A northern Indiana police officer’s stop and subsequent arrest of an impaired driver was valid even though the policeman had not taken his oath of office, the Indiana Court of Appeals ruled Friday.
Eberaia Fields was pulled over by Warsaw Police Department officer Miles Reichard on a license-plate light infraction. But because of the stop, he later was charged with Level 6 felony operating a vehicle while intoxicated, two counts of Level 6 felony intimidation, and Class C misdemeanor violation of special-driving privileges. Authorities also charged Fields also as a habitual vehicular substance offender.
Fields filed a motion to dismiss the charges after learning Reichard had not been sworn as an officer at the time of the traffic stop. Fields’ motion was denied in the Kosciusko Superior court, prompting this interlocutory appeal in which the COA affirmed the trial court, citing the de facto officer doctrine. The panel found Fields claimed the office of a Warsaw policeman when he accepted the job and began working for the department.
“We find that Officer Reichard’s failure to take the oath is a technical defect in his title to office. But because the record shows that Officer Reichard claimed the office, was in possession of it, and performed its duties under the color of appointment, we conclude that he was acting as a de facto officer at the time of the stop.
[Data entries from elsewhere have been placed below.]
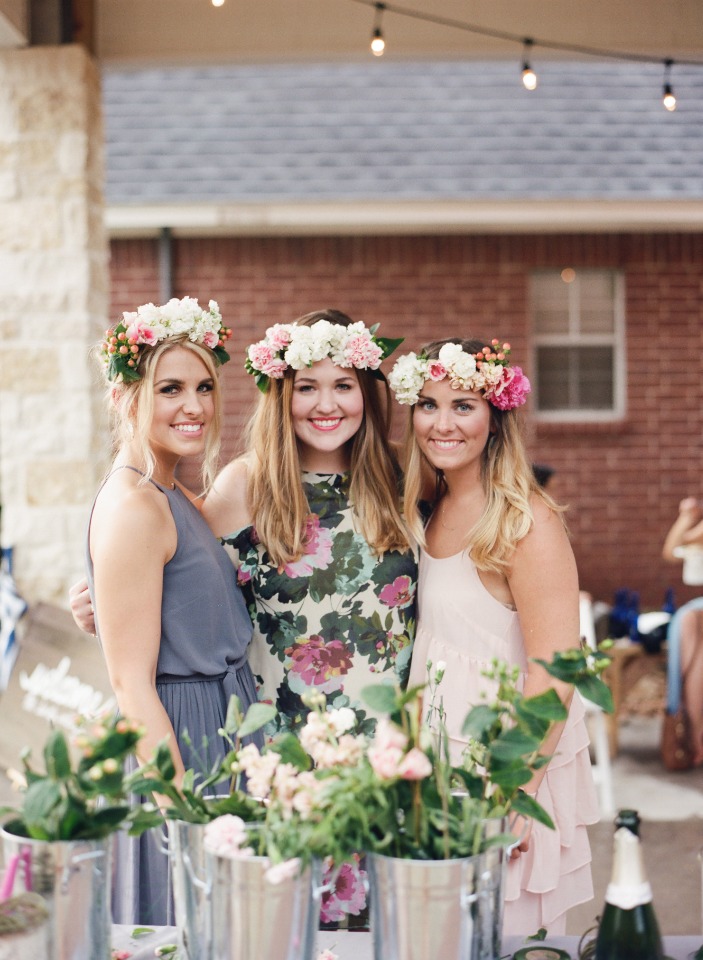 Three smiling women wearing flower crowns at a garden party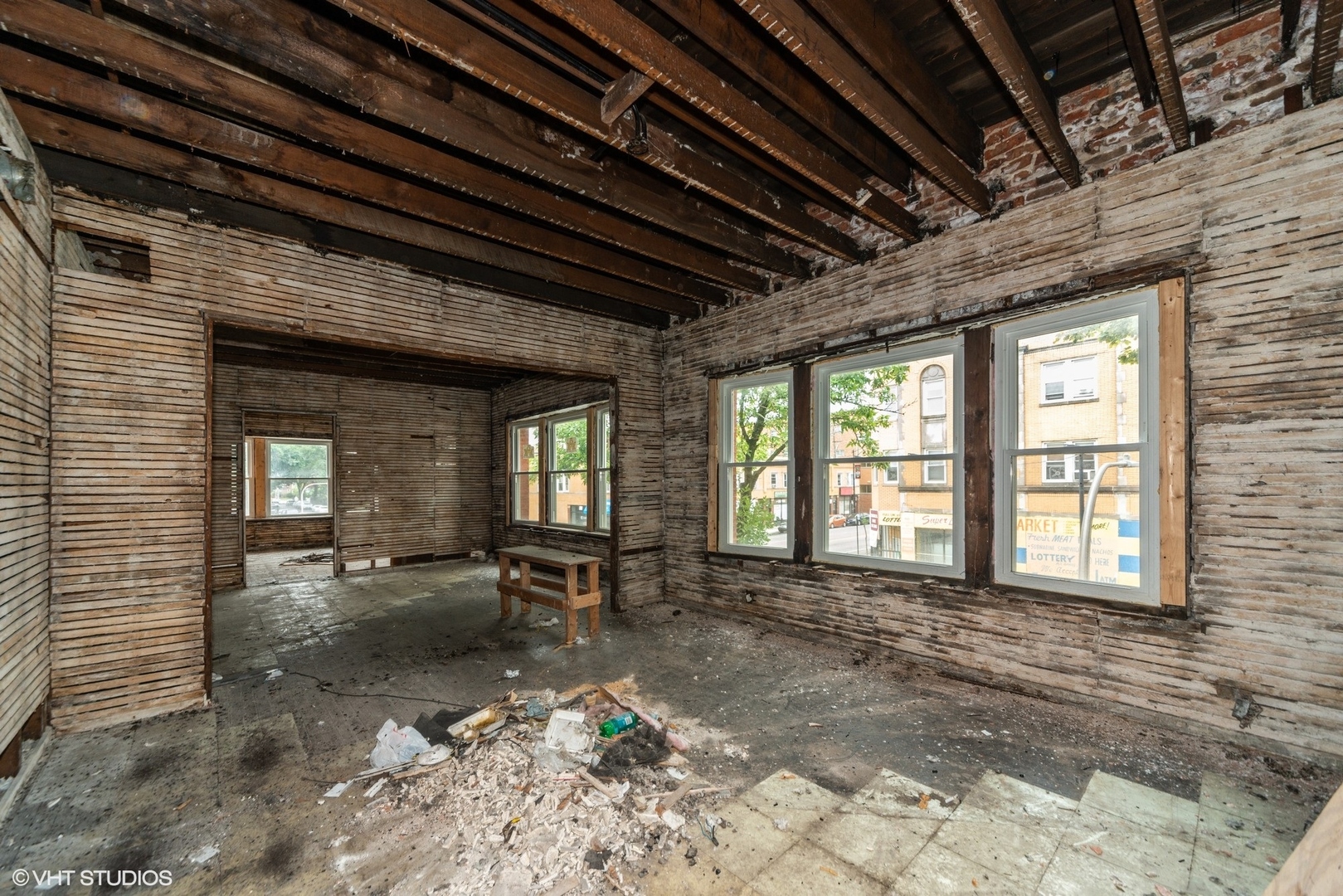 5256 West Chicago Avenue Chicago, IL 60651 - Photo 8 of 11 a view of an empty room with wooden floor and a chair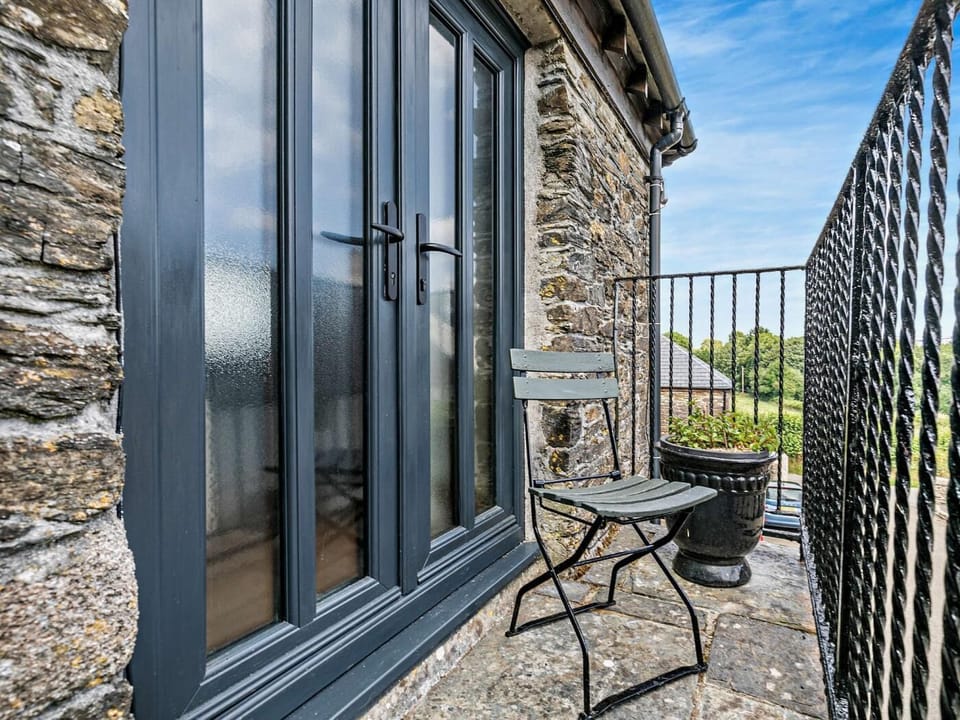 Small balcony accessed from upper floor doors or steps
We therefore affirm the trial court’s denial of Fields’s motion to dismiss the charges against him,” Chief Judge Nancy Vaidik wrote for the panel in Eberaia Fields v. State of Indiana, 43A03-1704-CR-856.
“To conclude otherwise and to dismiss the charges against Fields would run counter to the very purpose of the de facto officer doctrine, which is to insure the orderly functioning of the government despite technical defects in title to office,” Vaidik wrote.